» TASK DESCRIPTION
Each line from the one containing "More Photos Of" through the last line of the data below should be printed exactly, please, with any pictures omitted.

Short web captions
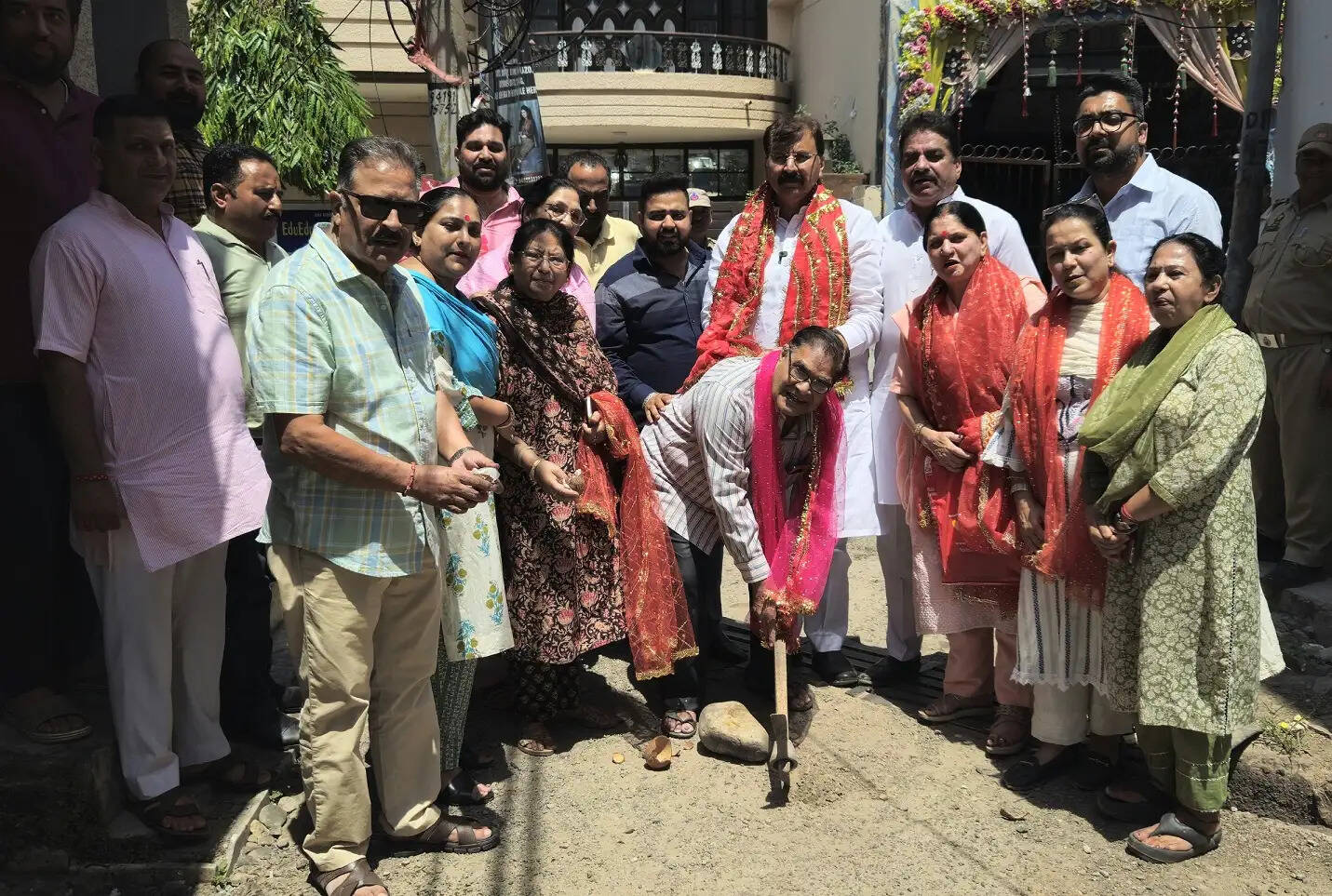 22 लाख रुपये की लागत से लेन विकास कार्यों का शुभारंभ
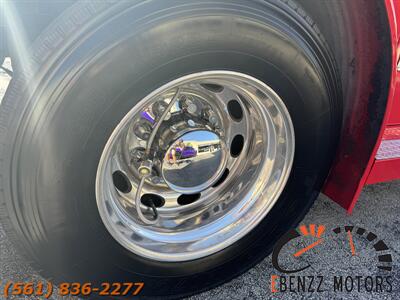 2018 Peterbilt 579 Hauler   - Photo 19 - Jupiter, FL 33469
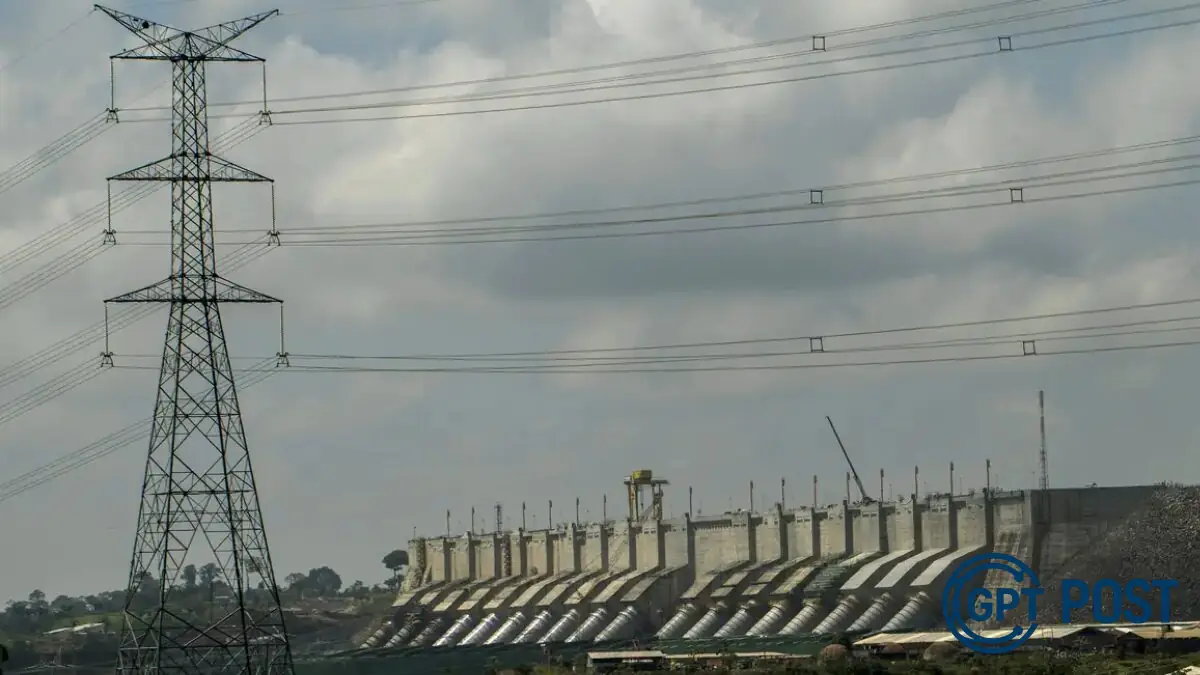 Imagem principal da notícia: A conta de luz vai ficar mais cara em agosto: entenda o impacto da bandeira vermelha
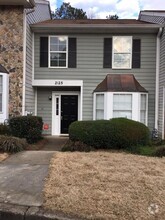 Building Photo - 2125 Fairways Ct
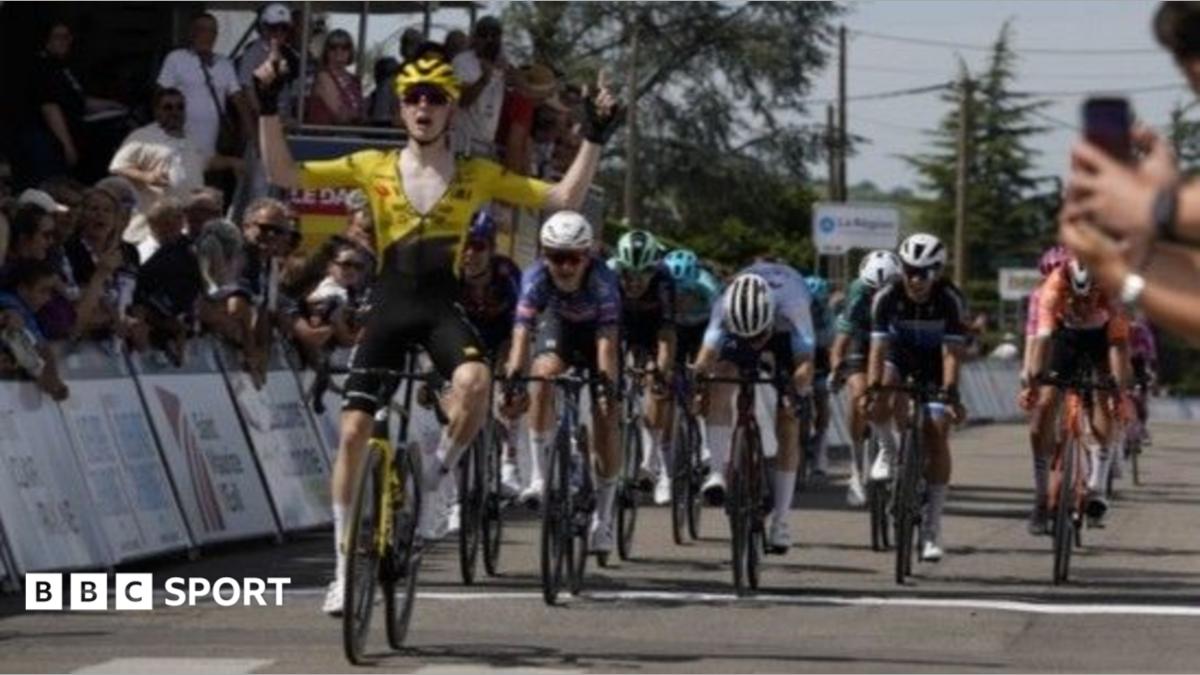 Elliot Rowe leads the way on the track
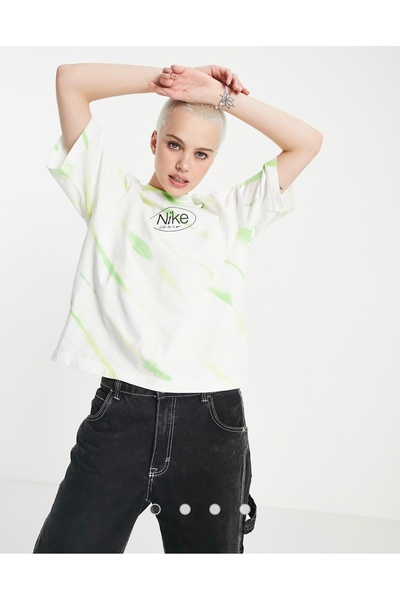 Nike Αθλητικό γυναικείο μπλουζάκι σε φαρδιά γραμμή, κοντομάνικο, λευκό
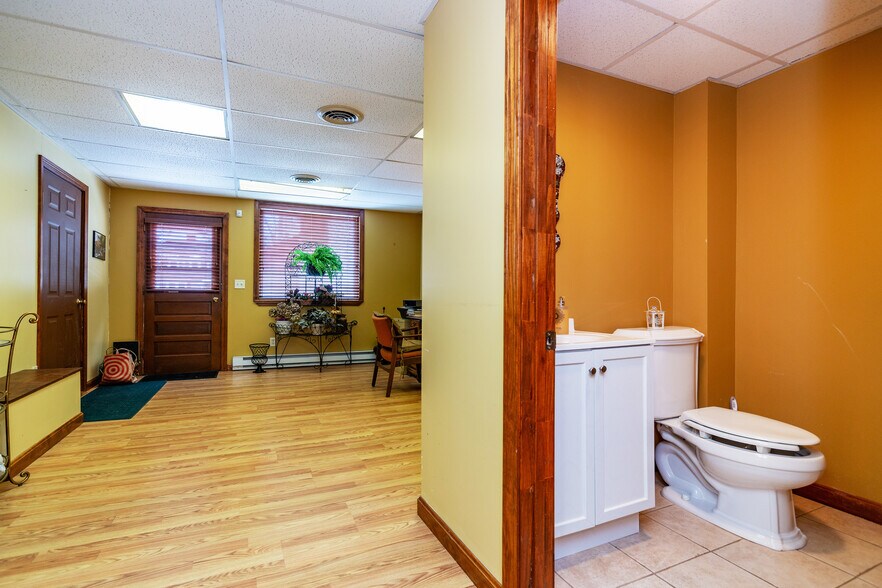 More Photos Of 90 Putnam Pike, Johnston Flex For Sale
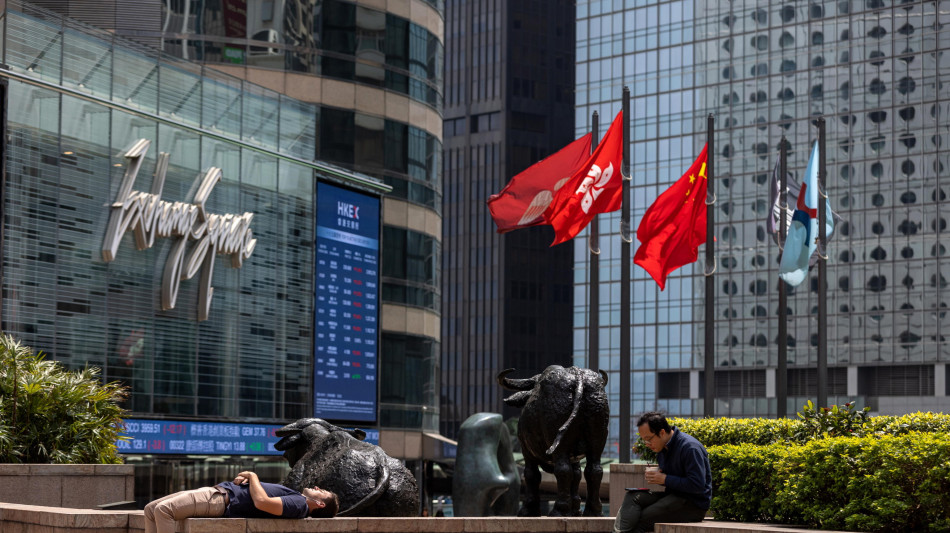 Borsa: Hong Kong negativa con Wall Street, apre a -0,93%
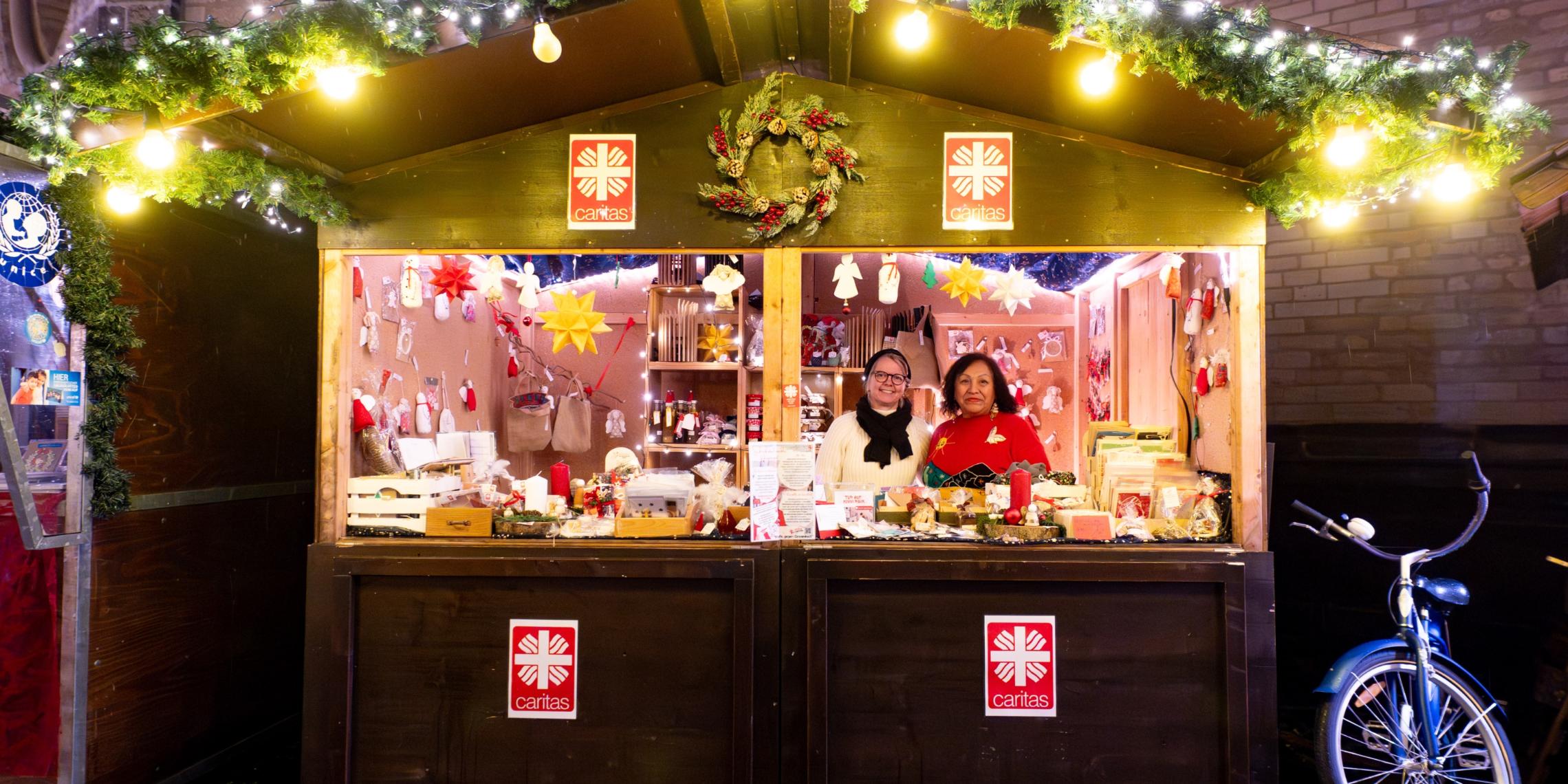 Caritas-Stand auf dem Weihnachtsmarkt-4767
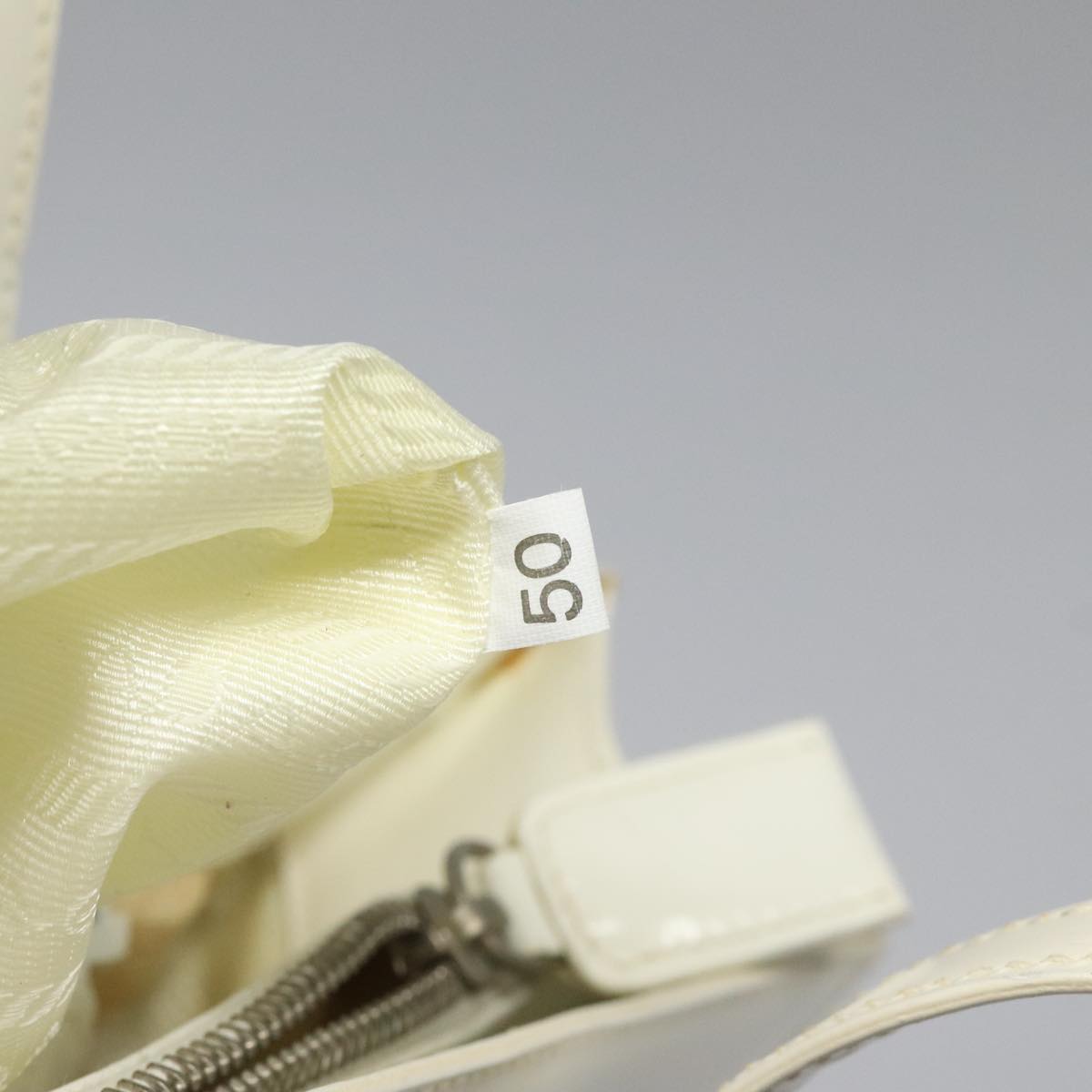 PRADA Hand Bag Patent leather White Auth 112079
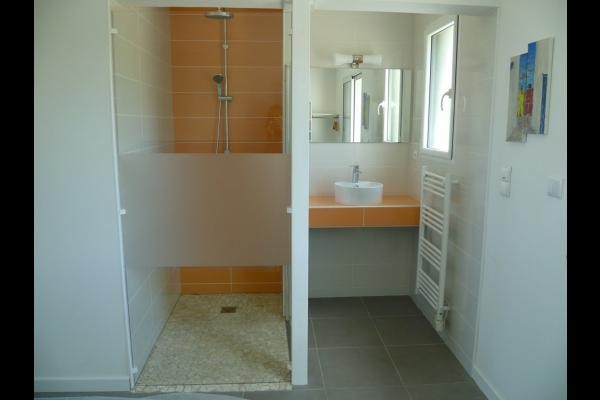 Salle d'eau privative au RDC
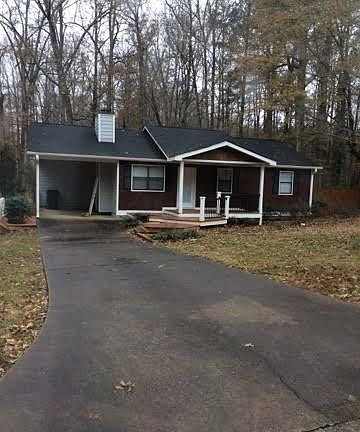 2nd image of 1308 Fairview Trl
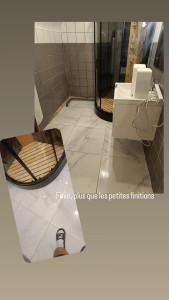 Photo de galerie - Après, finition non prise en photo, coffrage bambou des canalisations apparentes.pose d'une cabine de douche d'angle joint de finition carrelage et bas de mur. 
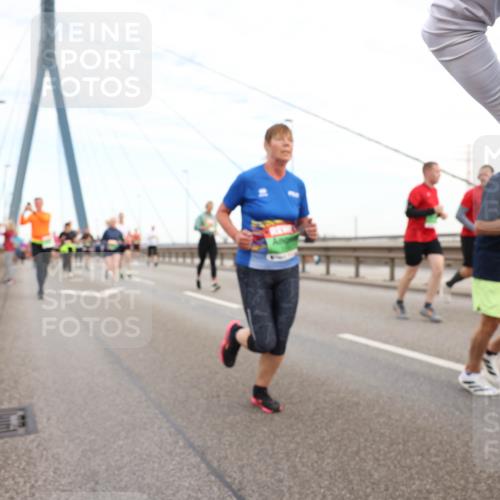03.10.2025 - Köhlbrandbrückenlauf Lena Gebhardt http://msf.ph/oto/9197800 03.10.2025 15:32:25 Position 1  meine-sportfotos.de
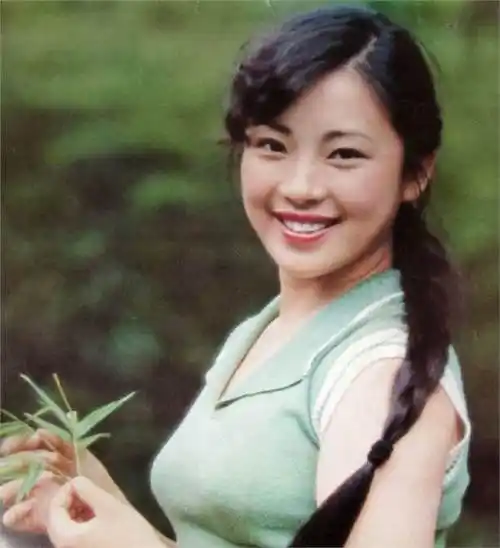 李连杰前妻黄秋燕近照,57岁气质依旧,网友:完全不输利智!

» EXERCISE RESULT
 More Photos Of 90 Putnam Pike, Johnston Flex For Sale
 Borsa: Hong Kong negativa con Wall Street, apre a -0,93%
 Caritas-Stand auf dem Weihnachtsmarkt-4767
 PRADA Hand Bag Patent leather White Auth 112079
 Salle d'eau privative au RDC
 2nd image of 1308 Fairview Trl
 Photo de galerie - Après, finition non prise en photo, coffrage bambou des canalisations apparentes.pose d'une cabine de douche d'angle joint de finition carrelage et bas de mur. 
03.10.2025 - Köhlbrandbrückenlauf Lena Gebhardt http://msf.ph/oto/9197800 03.10.2025 15:32:25 Position 1  meine-sportfotos.de
 李连杰前妻黄秋燕近照,57岁气质依旧,网友:完全不输利智!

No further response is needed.